Something that has always amused me is how does a computer know what time it is even when it is not connected to an internet. Remember the installation screen from Ubuntu(A Linux distribution) where it picks up the correct time based on your timezone even when you don’t connect it to your internet. Is there a clock inside a computer? Well there sure is, a very small Quartz watch inside which gets powered by the CMOS battery. This clock keeps ticking in absence of any network connection and even when the computer is turned off.
Now consider a scenario of a distributed systems which is responsible for log aggregation and giving you a tooling to debug issues in production. The bare minimum expectation from such a system is to provide you a timeline of events that occurred for a request so that you can rule out systems that worked as expected and start focussing on the point from where you started seeing the failure.
So now that we know that there is a clock in each of our computing machines, can’t we use the time being displayed by these machines to solve the problem of causality(Which operation occurred first) when we are dealing with multiple such machines in a distributed system. Creating an ordered timeline of events for a request should be as simple as just sorting the list of events by the timestamp assigned to them from their respective machines and we are done. Well not so soon.
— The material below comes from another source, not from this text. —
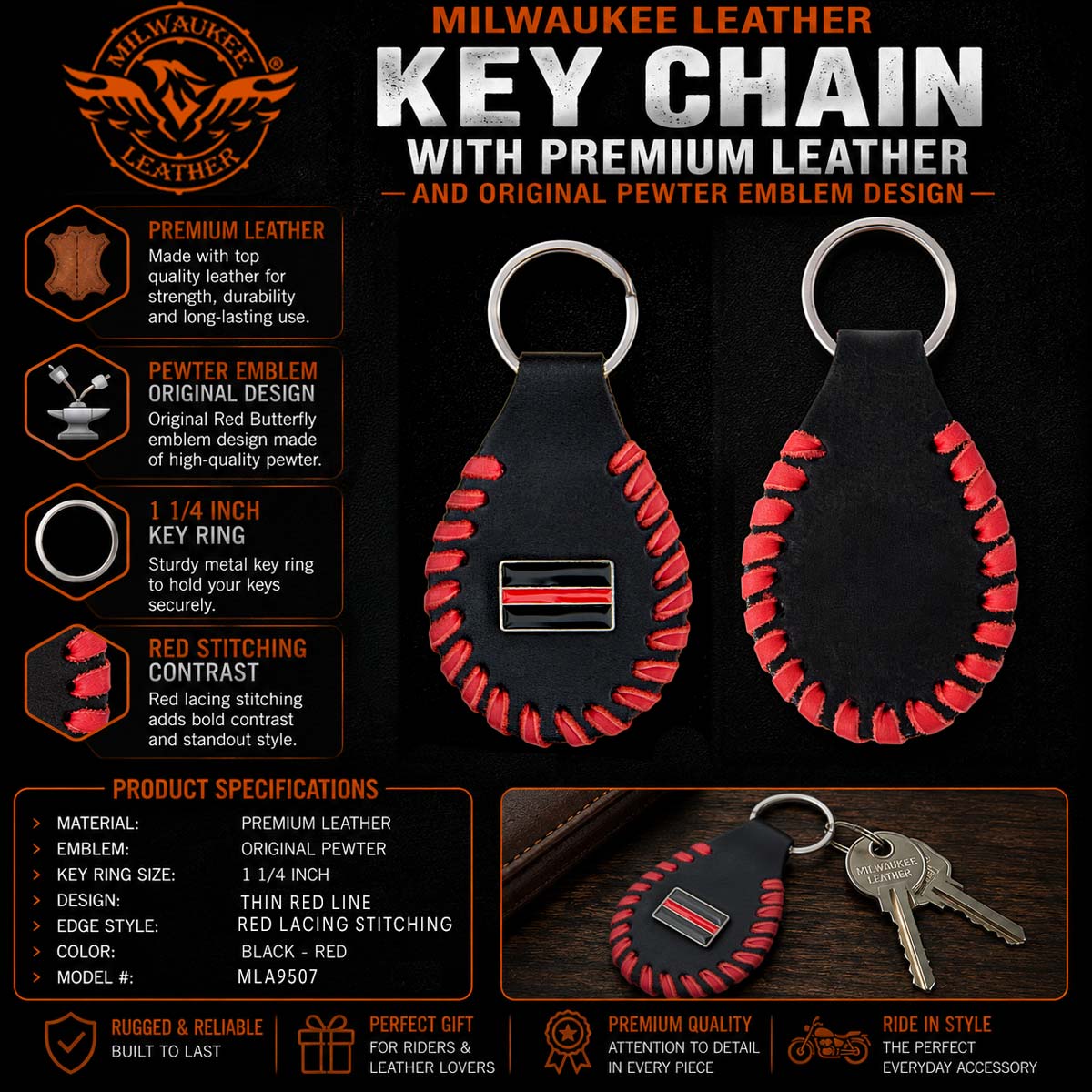 Milwaukee Leather Key Chain with Leather Original Pewter Emblem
The working of the physical clocks in a server can get affected by a number of factors such as location of the server or even the temperature in which servers are kept. This is known as clock skew and this might not be even evident initially but as soon as we start adding more and more servers in our system, chances of having a clock skew will increase. This skew will lead to incorrect ordering of events. So now whenever we compare time on two different server nodes, we might see a difference which might be in granularity milliseconds or even nanoseconds. This difference is known as clock drift and it can end up becoming root cause of corrupting our system from the point of no return.
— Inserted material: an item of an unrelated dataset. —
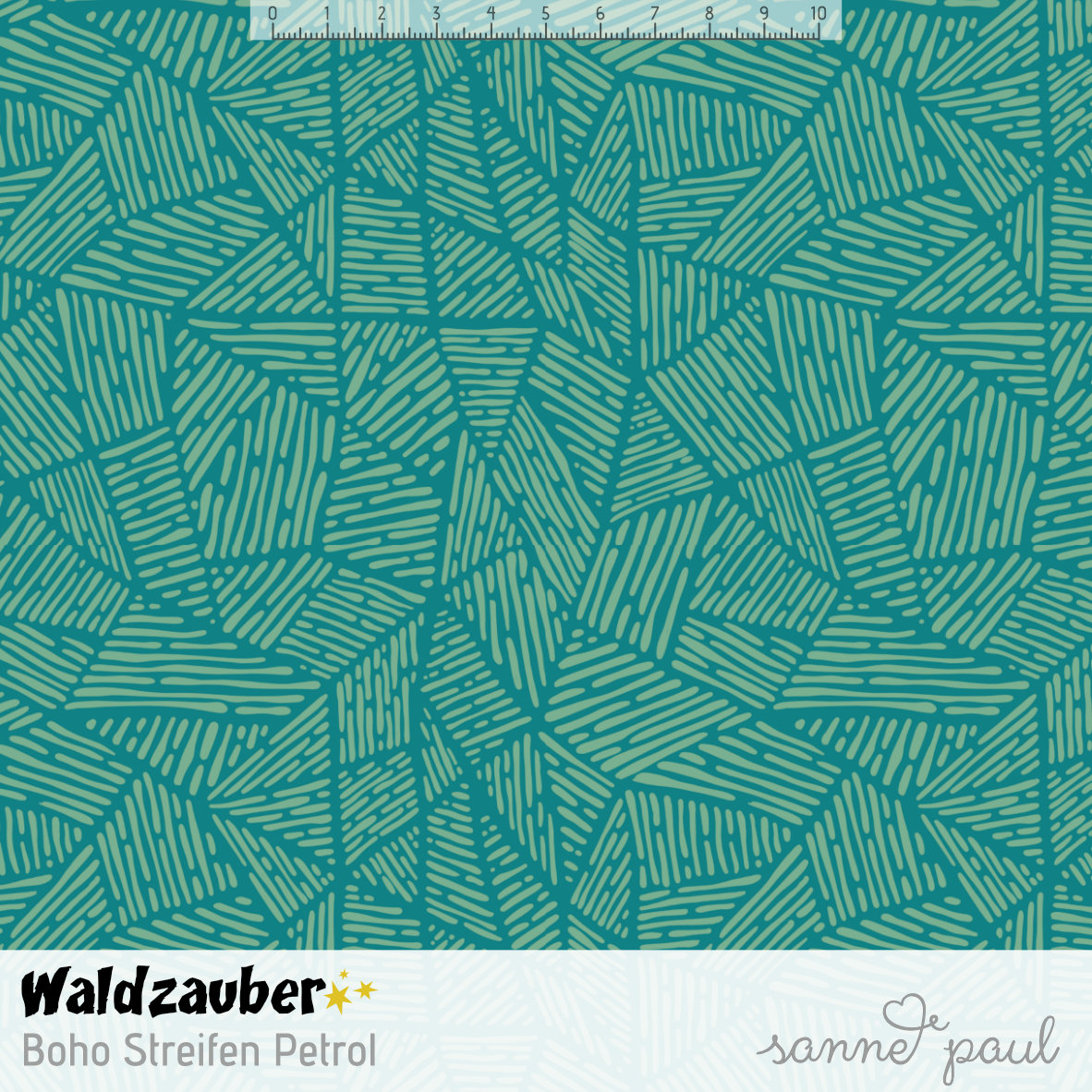 Bio Webware Stoff - Waldzauber Boho Streifen Petrol - SannePaul, petrol, Geometrische Muster, 100% Bio-Baumwolle Bio Webware Stoff - Waldzauber Boho Streifen Petrol - SannePaul, petrol, Geometrische Muster, 100% Bio-Baumwolle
Nothing f**ks you harder than time – Ser Davos(From Game of thrones)
A demonstration of how clock skew can lead to incorrect ordering of events is described in the below diagram:
Now this is where things tend to go hay-wire. If we can’t answer which event occurred first, we can’t decide who ordered a seat in our booking system or who were the first 10 contestants to finish the contest in our version of Leetcode if all the contestants are talking to different server nodes for submitting their solution.
But couldn’t we have a centralized clock from where we can know the correct time? Well there does exist an exact solution called NTP server. Though even that is not enough to solve our problem. Ehh…because even that doesn’t guarantees accuracy to the granularity of nanoseconds.(NTP time accuracy)
Still we don’t need to lose hope. What is important is to understand that calculating time is a difficult problem in a distributed systems and the side-effects that it can have if we ignore time. There are various solutions present in distributed computing theory which can help us solve the problem described in this post such as Lamport logical clock, vector clock. Spanner which is created by Google also solves the problem of clock skew in a really innovative way. In the next few posts we will look into all the above approaches and see where do they fit in a large-scale system in order to synchronize time.
Till then, happy learning!